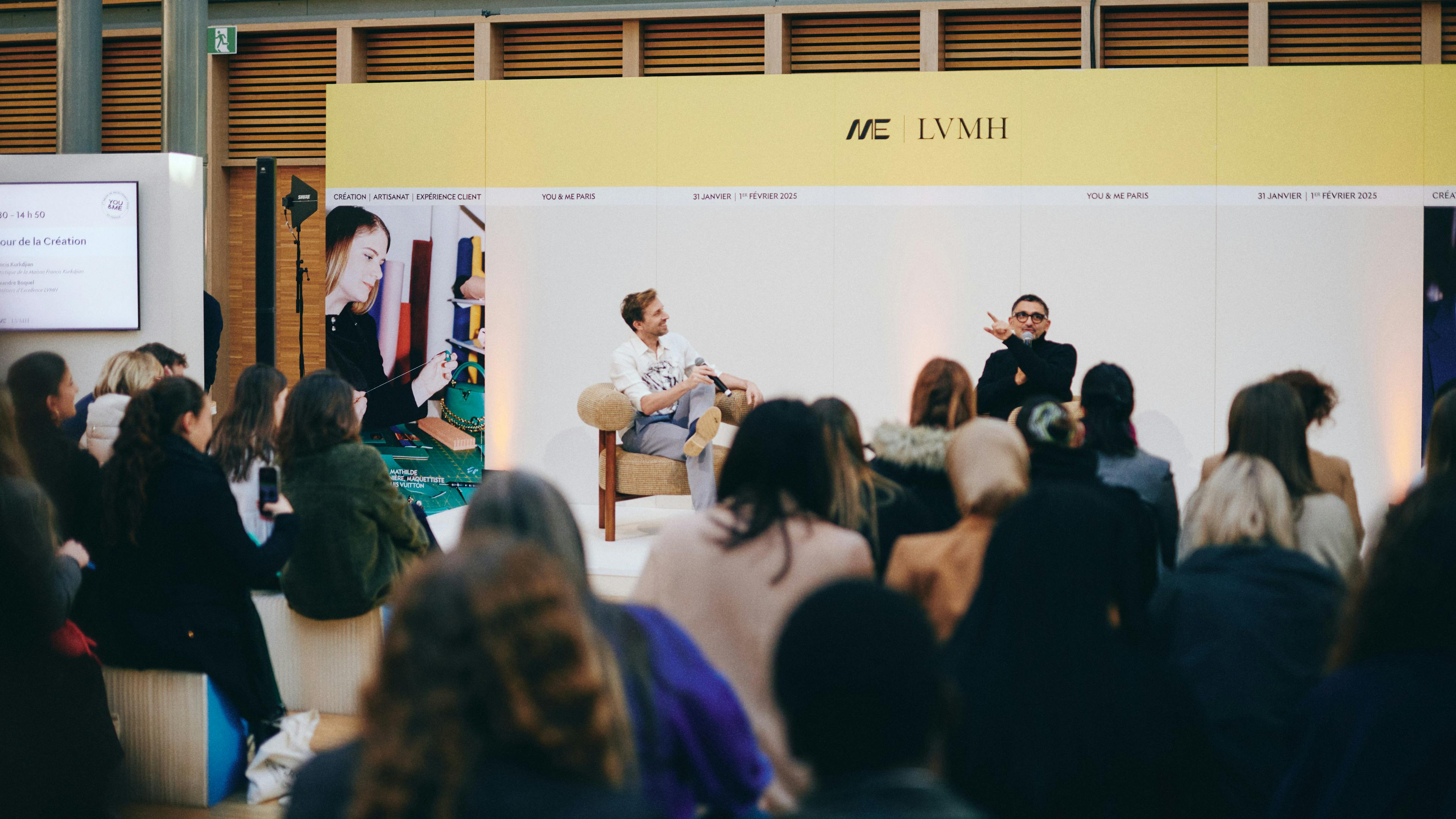 Alexandre Boquel échange avec Francis Kurkdjian lors d'une table ronde à You & ME Paris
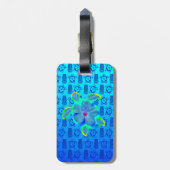 Tropische Honu Turtle en Hibiscus Bagagelabel (Achterkant verticaal)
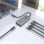 AISENS Hub USB-C 100W PD, 5 Gbit/s, Aluminium, 15cm, Grau, 4 USB-Anschlüsse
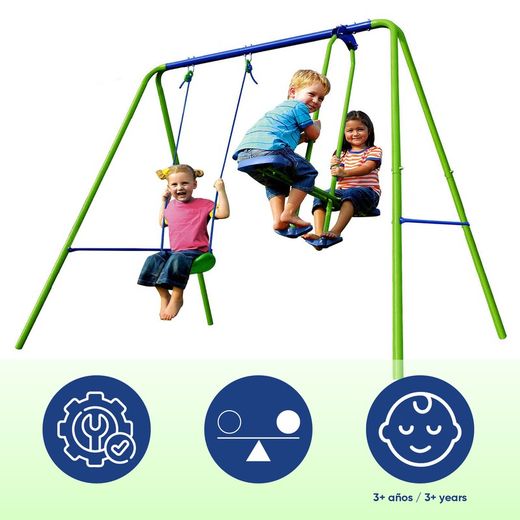 Children's metal swing in green and blue, 220 x 140 x 182 cm | swing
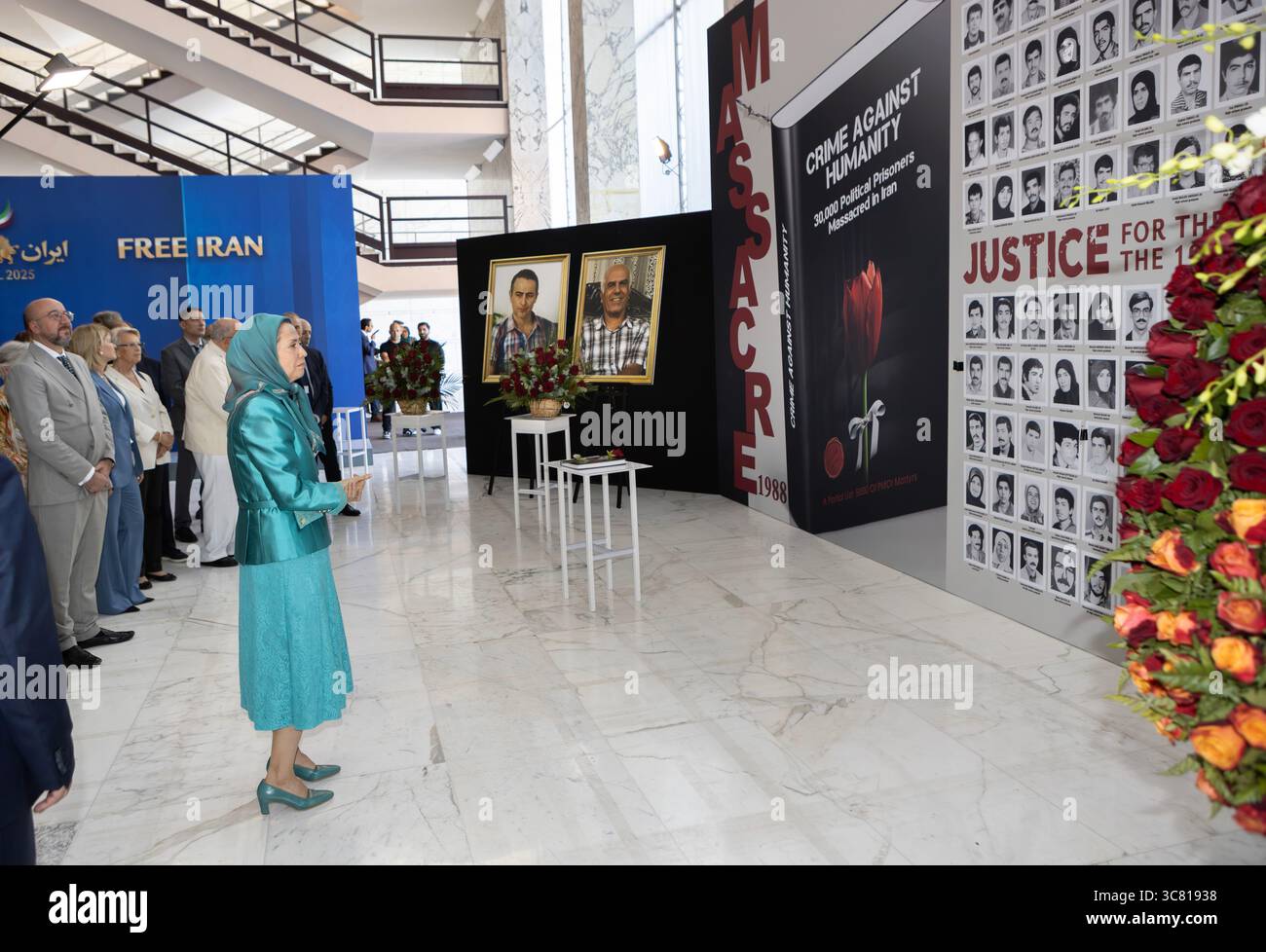 International dignitaries are seen observing a moment of silence ...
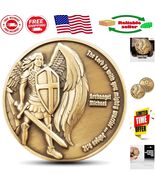 Antique Gold Archangel Michael Coin - 1.75&quot; Religious Keepsake for Encou... - $350.61 MXN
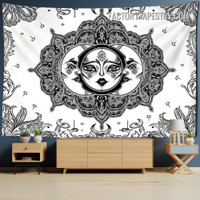 Sun and Moon VII Mandala Spiritual Bohemian Wall Tapestry Art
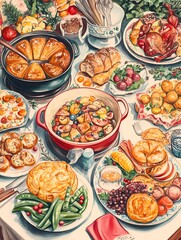 Christmas Dinner Oil Painting 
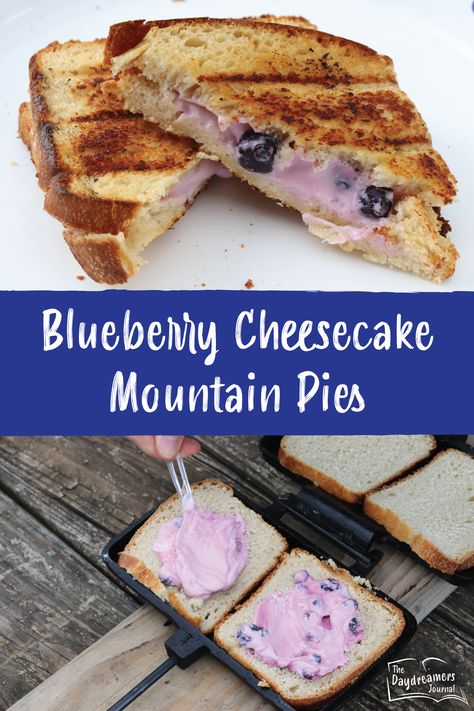 Blueberry Cheesecake Mountain Pies Mountain Pie Recipes, Pie Iron Cooking, Blueberry Cream Cheese Pie, Campfire Pies, Pudgy Pie, Mountain Pies, Pie Iron Recipes, Campfire Snacks, Pie Iron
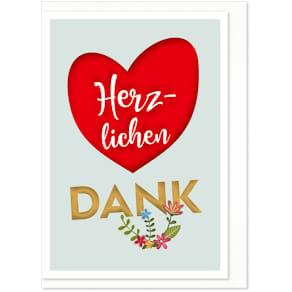 Grußkarte KOMMA³, Danke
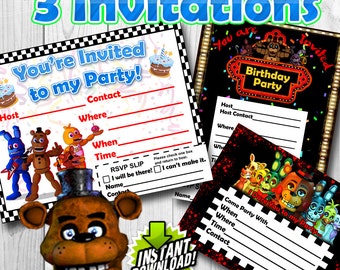 Five Nights at Freddy's Invitations for Birthday's or any Party!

——————

What you have to do: Write the lines out word for word, starting at the one with "Blueberry Cheesecake Mountain" and stopping after the last line of the material above, with pictures excluded.

Reply to the task:
 Blueberry Cheesecake Mountain Pies Mountain Pie Recipes, Pie Iron Cooking, Blueberry Cream Cheese Pie, Campfire Pies, Pudgy Pie, Mountain Pies, Pie Iron Recipes, Campfire Snacks, Pie Iron
 Grußkarte KOMMA³, Danke
 Five Nights at Freddy's Invitations for Birthday's or any Party!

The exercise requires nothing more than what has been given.